Italy in a Global Context

The Research Priority Italy in a Global Context aims to recast our understanding of Italian early modern and contemporary art by studying artistic developments that occurred outside of the predominantly urban centers of the Italian peninsula. This challenges the paradigm of the centrality of artistic capitals and the subsequent reception of their breakthroughs in subordinate peripheries, proposing instead a pluralistic view with an eye towards a global understanding of art. A specific focus of the section is Latin America and its idiosyncratic reinventions of the Baroque, which builds on previous research on the interactions between Rome and the Viceroyalty of Peru in the seventeenth century, as well as the Latin American actualization and renewal of German-language art theory and historiography in the twentieth century.
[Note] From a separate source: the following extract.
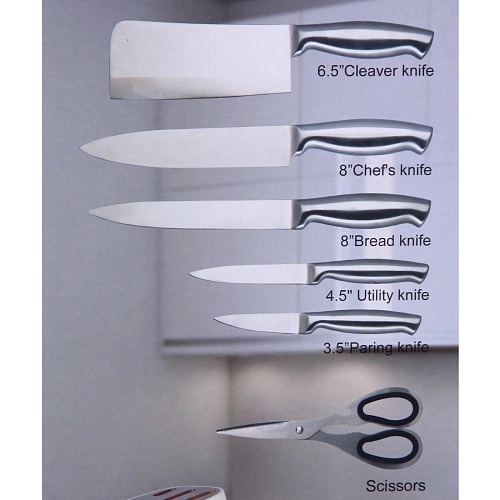 Набор ножей SHEF 7предметов (5ножей+ножницы+подставка), молочный_13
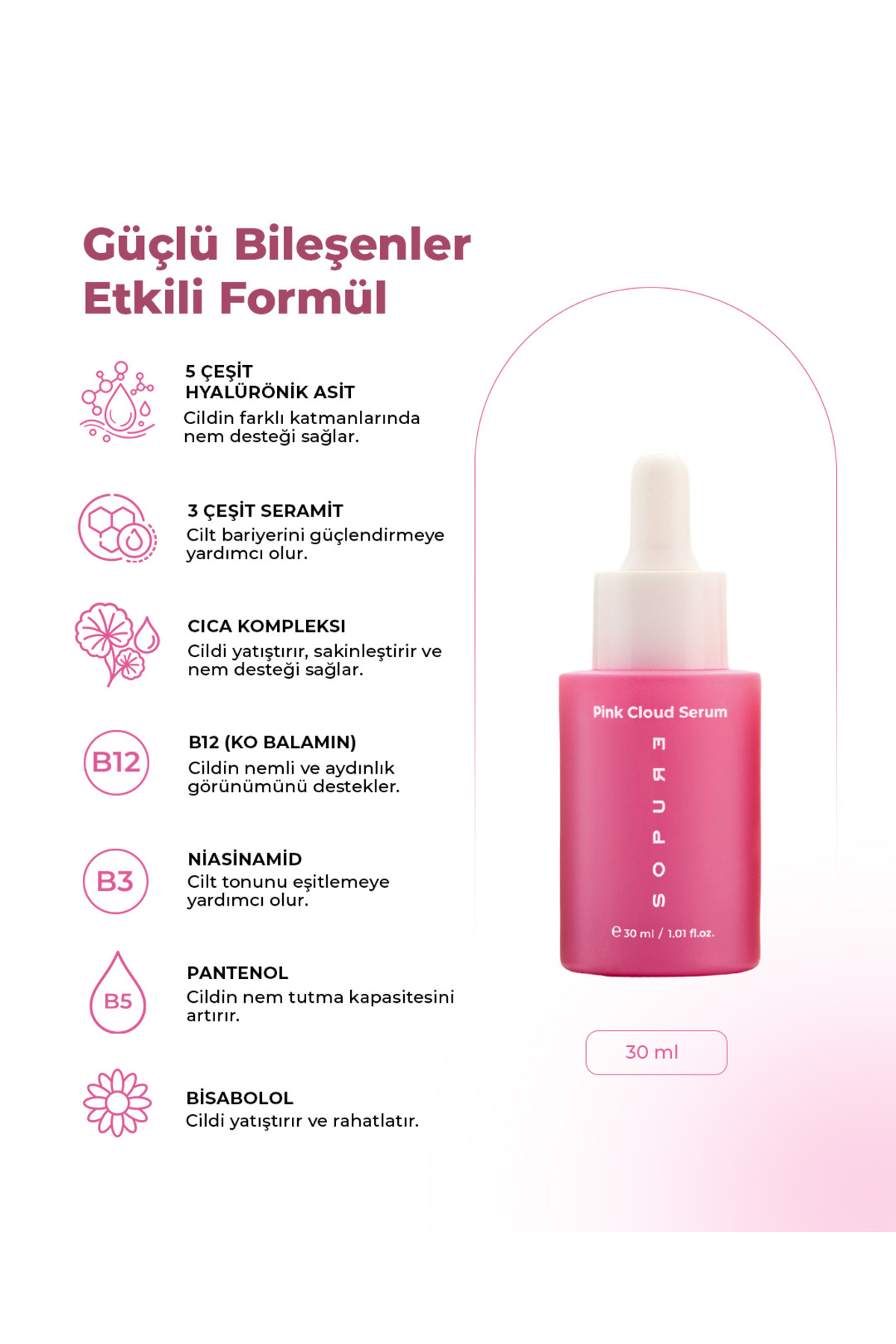 Pink Cloud Serum- Nemlendirici ve Yatıştırıcı Hyalüronik Asit&Cica Serumu — 16 — تصویر 3 از 7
The Department has built up an open-access collection of 13k photographs documenting 6k items of Latin American art and architecture from precolonial times to the present.
Furthermore, in relation to the Ventennio fascista, the question of the imperialist aspects of modern architecture, urbanism, and art in the territories occupied by Italy are explored. By means of a comparison of regionalisms in young nations such as Brazil and Argentina, which fought against a Western modernist ‘neocolonialism’, fascist colonial architecture can be observed as regionalist constructions of the Other. Thus, a more complex picture of global Modernisms can contribute to a new political geography of art. The Research Priority includes the research unit Decolonizing Italian Visual and Material Culture: From Nation Building to Now and the Max Planck Partner Group Sport, Body, and Race in Fascist Visual Culture.